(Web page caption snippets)
****

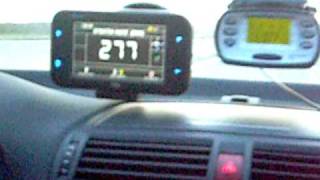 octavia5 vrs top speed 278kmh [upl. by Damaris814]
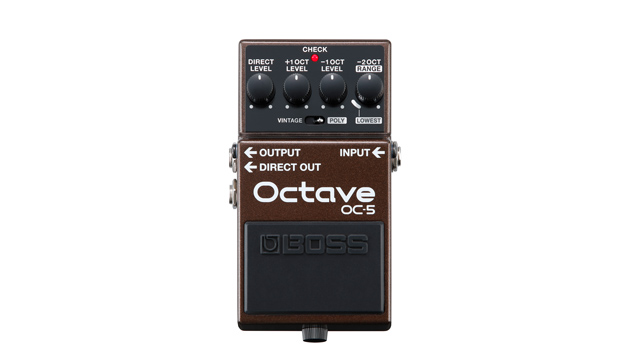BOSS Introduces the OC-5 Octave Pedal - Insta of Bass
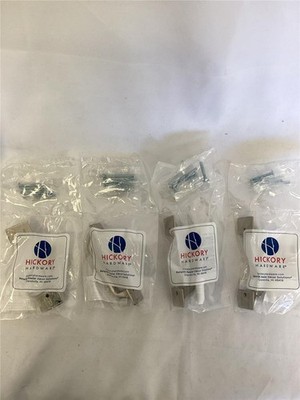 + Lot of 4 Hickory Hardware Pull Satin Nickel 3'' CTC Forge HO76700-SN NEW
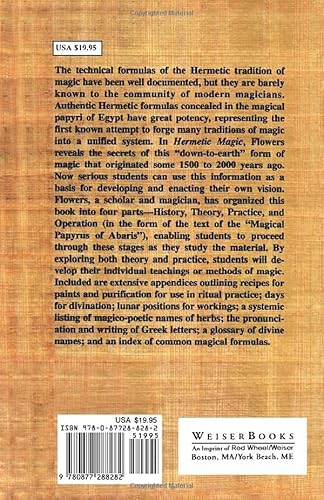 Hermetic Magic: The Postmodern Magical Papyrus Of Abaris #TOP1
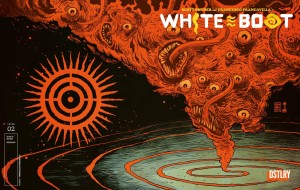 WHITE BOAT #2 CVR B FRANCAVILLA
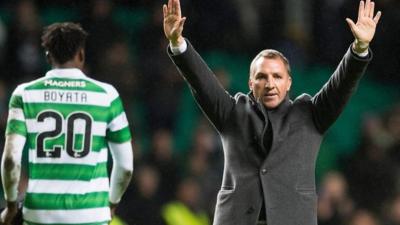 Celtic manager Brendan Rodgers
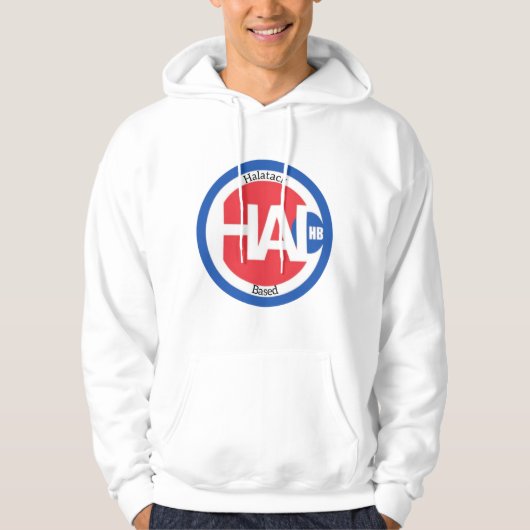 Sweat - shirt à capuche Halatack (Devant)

****

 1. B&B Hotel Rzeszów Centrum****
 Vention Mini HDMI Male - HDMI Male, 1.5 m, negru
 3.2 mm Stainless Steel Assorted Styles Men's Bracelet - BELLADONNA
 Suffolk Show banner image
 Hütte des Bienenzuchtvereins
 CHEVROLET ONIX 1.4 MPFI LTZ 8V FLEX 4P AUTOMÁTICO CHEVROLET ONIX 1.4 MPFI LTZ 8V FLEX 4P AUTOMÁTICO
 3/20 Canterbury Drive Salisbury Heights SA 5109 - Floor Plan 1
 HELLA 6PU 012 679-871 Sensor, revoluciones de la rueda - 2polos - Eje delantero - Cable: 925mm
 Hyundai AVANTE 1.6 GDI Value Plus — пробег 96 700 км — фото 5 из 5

****

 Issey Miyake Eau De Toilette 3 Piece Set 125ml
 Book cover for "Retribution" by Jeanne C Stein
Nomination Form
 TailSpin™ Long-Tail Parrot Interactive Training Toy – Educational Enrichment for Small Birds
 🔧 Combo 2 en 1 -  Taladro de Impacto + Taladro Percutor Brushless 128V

****

Assignment:
Above are some entries; copy exactly the lines from the line with "Hermetic Magic: The" through the line with "Sweat - shirt à capuche Halatack (Devant)", both included, but none of the pictures.

Answer box:
 Hermetic Magic: The Postmodern Magical Papyrus Of Abaris #TOP1
 WHITE BOAT #2 CVR B FRANCAVILLA
 Celtic manager Brendan Rodgers
 Sweat - shirt à capuche Halatack (Devant)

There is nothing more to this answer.